To cast a spell, the spell-caster must roll a d12 and add their level: if the total is 13 or more, the spell succeeds. A roll of 1 always fails.
If the spell roll fails, the caster's patron requires something of them; some specific sacrifice, a mission to advance the patron's goals, setting up a shrine, proselytising, etc. The Referee determines what. The spell fails, and no further spells can be cast until the task is complete. Alternately, the patron might require their pawn to swear some oath (such as never bearing weapons, never harming spiders, etc); breaking this oath deals d6 damage per level to the character as they are smote, and prevents them casting spells at all for a day.

Tightly Limited Spell Lists
Probably want to only have 1-5 spells at each level. Some examples include:
Illusion: 1st: Light, Fairie Fire, Message, Secret Page. 2nd: Audible Glamour, Change Self, Invisibility, Mirror Image, Phantasmal Force. 3rd: Detect Illusions, Invisibility 10’ Radius, Phantasmal Psychedelia. 4th: Hallucinatory Terrain, Improved Invisibility, 5th: Secret Chest, Feeblemind. 6th: Phantasmal Supergoria, Veil. 7th: Mass Invisibility, Prismatic Sphere/Spray/Wall, Vanish. 8th: Symbol.
Necromancy: 1st: Invisibility to Undead, Turn Undead, Unseen Servant. 2nd: Ray of Enfeeblement. 3rd: Speak with Dead. 4th: Shadow Monsters. 5th:Animate Dead, Cloudkill, Magic Jar. 6th: Animate Dead Monsters, Shades. 7th: Simulacrum. 8th: Clone, Trap the Soul. 9th: Power Word Kill.
Prophecy: 1st: Detect Evil, Detect Magic, Identify. 2nd: Augury, Detect Invisible, Locate Object. 3rd: Clairvoyance, Detect Illusion. 4th: Detect Lie, Divination. 5th: Commune, True Seeing. 6th: Find the Path, Tongues, Legend Lore.7th: Remote Surveillance, Vision.
Animism: 1st: Bookspeak, Summoning, Unseen Servant. 2nd: Magic Mouth, Speak with Animals, Web. 3rd: Speak with Dead, Howl of the Moon, Sacrifice, Strange Waters. 4th: Speak with Plants, Growth of Plants. 5th: Insect Plague, Contact Outer Sphere, Faithful Hound. 6th: Mind Switch, Speak with Monsters. 7th: Animate Artwork, Witchlamp Aura. 8th: Maze. 9th: Imprisonment.
Speleomancy: 1st: Spider Climb, Shield. 2nd: Heat Metal, Stinking Cloud. 3rd: Water Breathing, Gaseous Form. 4th: Dig, Seven Gates. 5th: Cloudkill, Stone-shape, Wall of Stone. 6th: Find the Path, Disintegrate, Stone to Flesh. 7th: Earthquake, Reverse Gravity, Statue. 8th: Maze.

1 comment:

  1. Speleomancy! I knew there HAD to be an appropriate -mancy prefix for the cave-oriented.
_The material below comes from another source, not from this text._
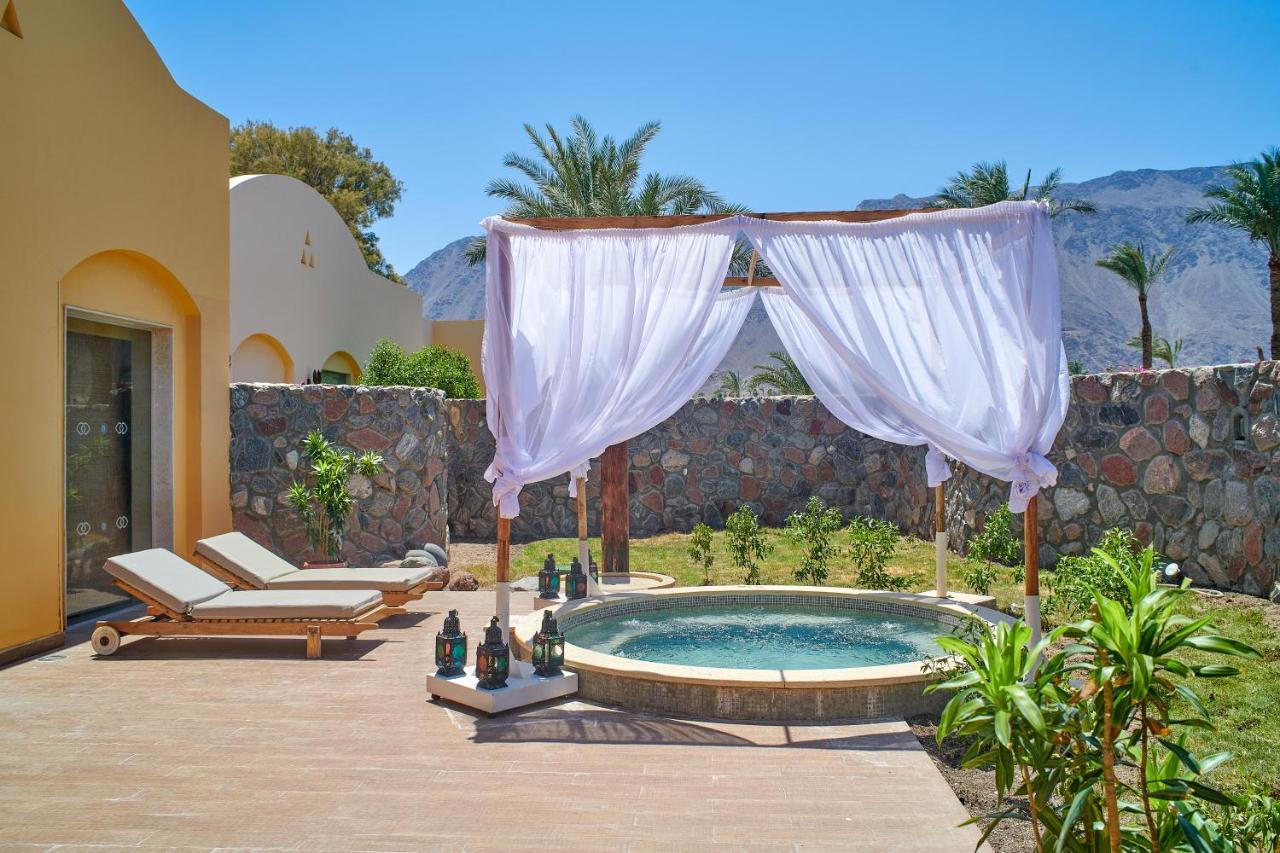 منتجع موزايك بيتش طابا هايتس المظهر الخارجي الصورة A private pool at a hotel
    Now, I stumbled upon this after checking the word, speleology, and Google says it comes from the French words speleologie, which is in turn from Greek word spelaion (plus accent marks). So I have to wonder whether spelaiomancy would be the more appropriate term, as the other -mancy prefixes (pyro, cryo, etc) borrows from directly from Greek as far as I know.

    This isn't the first time I've stumbled upon this blog due to cave-related fantasy interests, good to see it's still going on, thanks for what I'd learned today.